▶ [Task statement]: Set out exactly every line of the entries below, starting at the line that holds "67f0529e-6859-4f9e-8ca1-c0a81fc8bc01 T202601071632.jpeg" and stopping after the line that holds "Schwarzkopf Igora Royal".

◆ ◆ ◆ ◆ ◆

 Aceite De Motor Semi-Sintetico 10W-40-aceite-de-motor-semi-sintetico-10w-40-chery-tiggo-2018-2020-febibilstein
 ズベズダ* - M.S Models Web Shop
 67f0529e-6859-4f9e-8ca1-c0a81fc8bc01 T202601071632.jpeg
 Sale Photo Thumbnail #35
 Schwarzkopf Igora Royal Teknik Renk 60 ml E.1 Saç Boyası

◆ ◆ ◆ ◆ ◆

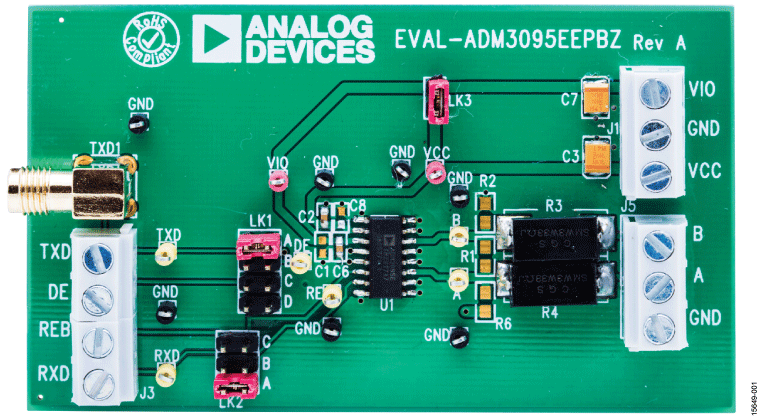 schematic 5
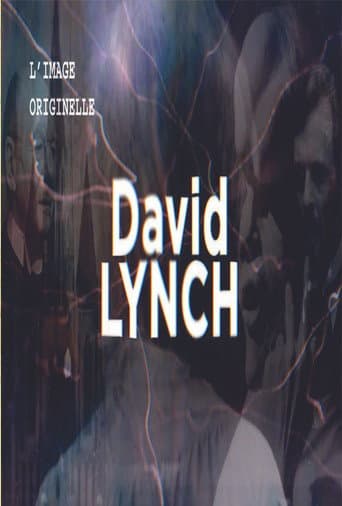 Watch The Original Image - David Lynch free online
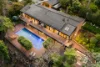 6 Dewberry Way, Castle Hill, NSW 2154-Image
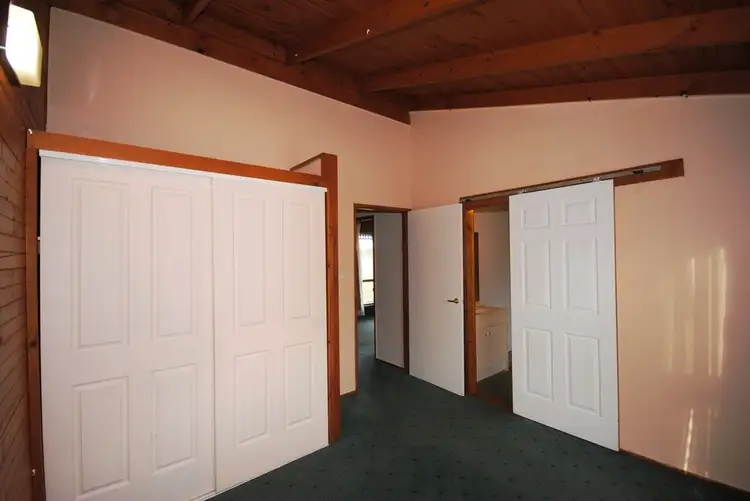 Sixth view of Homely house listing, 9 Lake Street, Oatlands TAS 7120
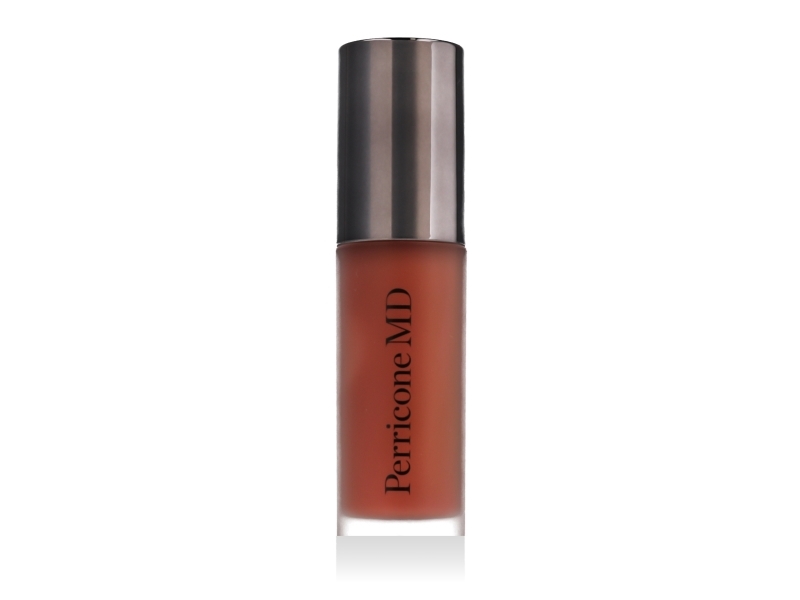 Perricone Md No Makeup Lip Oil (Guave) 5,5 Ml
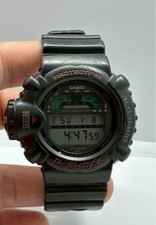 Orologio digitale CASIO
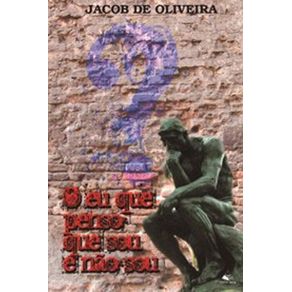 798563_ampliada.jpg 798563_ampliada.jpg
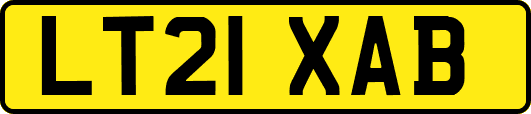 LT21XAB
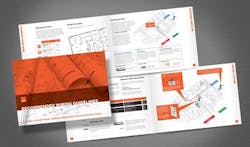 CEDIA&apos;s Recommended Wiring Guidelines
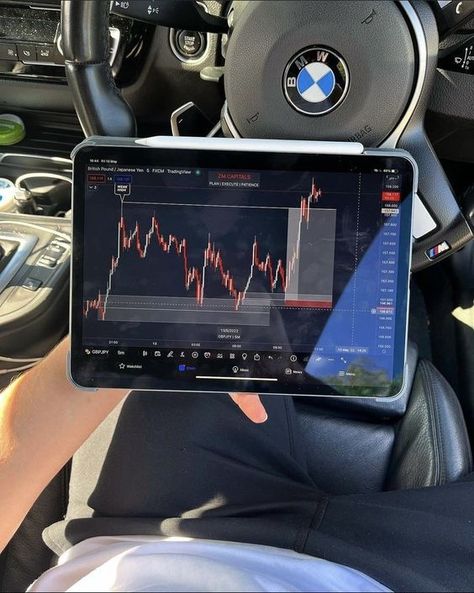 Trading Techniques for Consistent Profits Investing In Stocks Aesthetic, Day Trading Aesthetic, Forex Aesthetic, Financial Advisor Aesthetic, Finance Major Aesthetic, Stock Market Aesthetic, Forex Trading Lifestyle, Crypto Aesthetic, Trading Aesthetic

◆ ◆ ◆ ◆ ◆

▶ [Answer section]:
 67f0529e-6859-4f9e-8ca1-c0a81fc8bc01 T202601071632.jpeg
 Sale Photo Thumbnail #35
 Schwarzkopf Igora Royal Teknik Renk 60 ml E.1 Saç Boyası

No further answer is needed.